The movie was also great for its visuals. Chromatically, it was one of purples and greens and blues and whites. It is clear that the cinematographers took the film’s appearance into consideration. The fights were comprehensible in the sense that shots were not cut repeatedly or filmed with a shaky camera. The cinematography was fluid and sustained, allowing the action to actually be seen. The film is aptly named. It is the second chapter in the story of Wick, a story that, in this sequel, proved it is deserving of further telling. All the praise given to the first chapter is due to the second chapter and then some. While the story initially moves to Rome, straight out of the playbook of a sequel bankrupt of new ideas, the sequel is far from stale. The plot is built around three big sequences of action, with smaller action and exposition peppered in between these large dramatic scenes. A few days after the events of the first movie, where Wick has his dog killed and his car stolen, triggering a vengeful rampage, Wick gets his car back.

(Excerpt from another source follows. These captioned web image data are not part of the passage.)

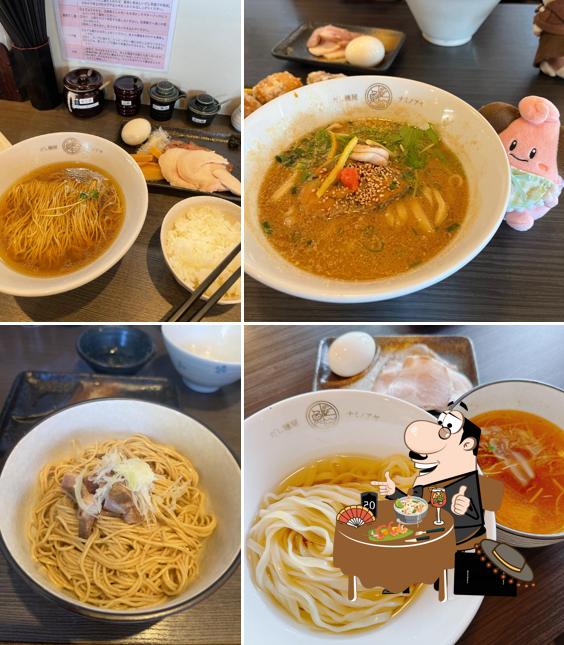 だし麺屋 波ノあや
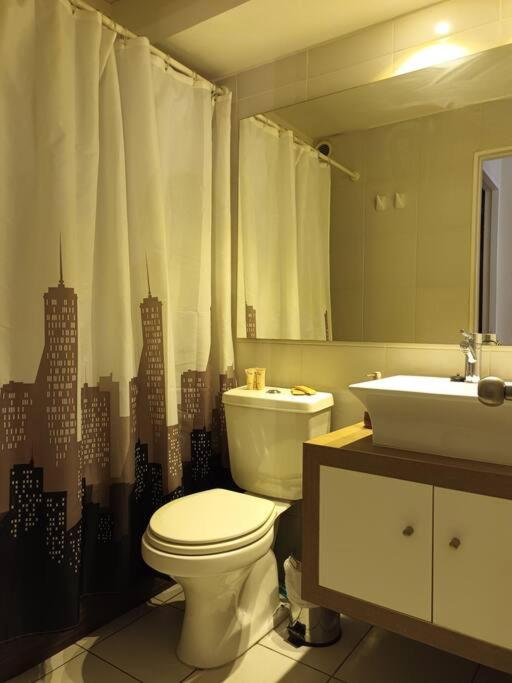 Acogedor apartamento full equipado para 2 personas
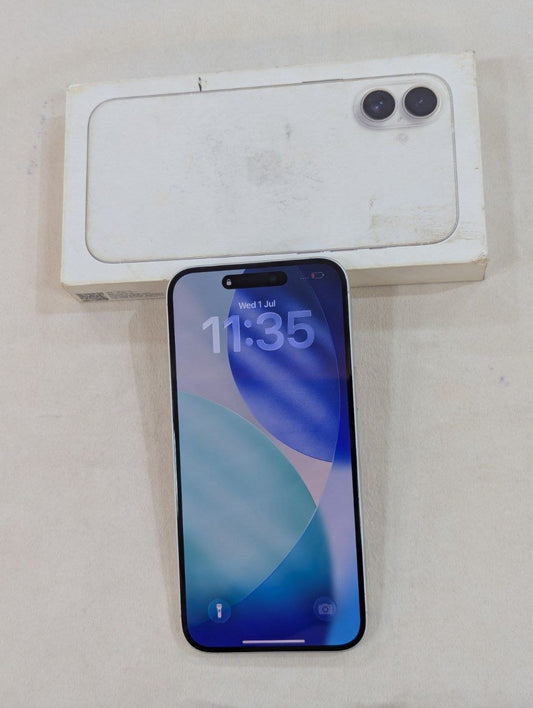 Apple iPhone 16 Plus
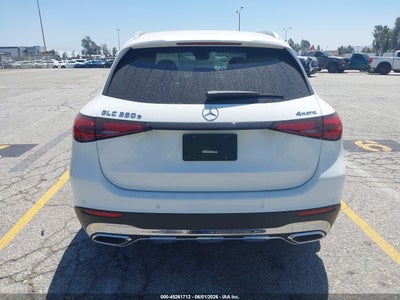 MERCEDES-BENZ GLC 350E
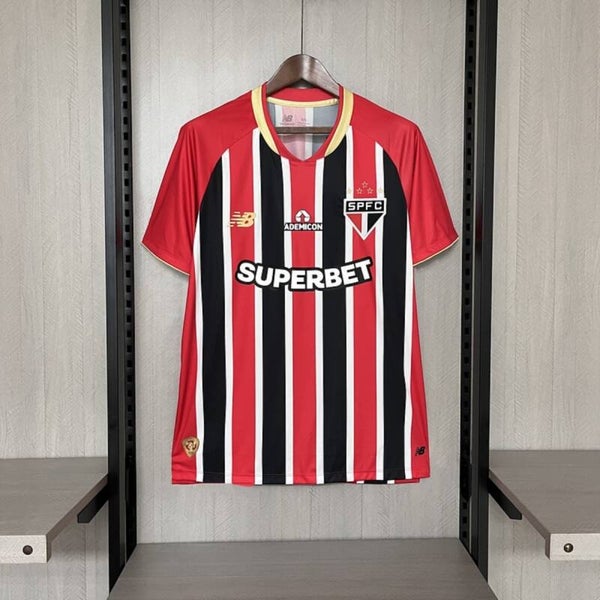 São Paulo Jersey II 25/26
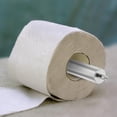thumbnail image 4 of FONDOTIN Replacement Roller Toilet Paper Roller Rod Plastic 1Pack Hotel Use, 4 of 8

The opening sequence mixes pre-existing knowledge with surprise and vehicular violence with non-vehicular violence, while acting as the pre-title stinger that brings all viewers up to speed. Upon his return home, Wick has an unexpected surprise. He has a debt and it is being called in by those to whom he is indebted. Part of the intrigue of the world of the first film was its society of assassins. Their hotel was The Continental, their currency was a mysterious gold coin and all of them knew “Mr. Wick.” The society had few known rules, chief among them the forced amnesty on hotel grounds. With the movie not rushing to reveal all the mystery of the society, a sustained interest was created. In the second film, one of the revelations is a system of no-questions-asked favors that can be owed between assassins. Wick owes a favor and he is forced to come out of retirement once more.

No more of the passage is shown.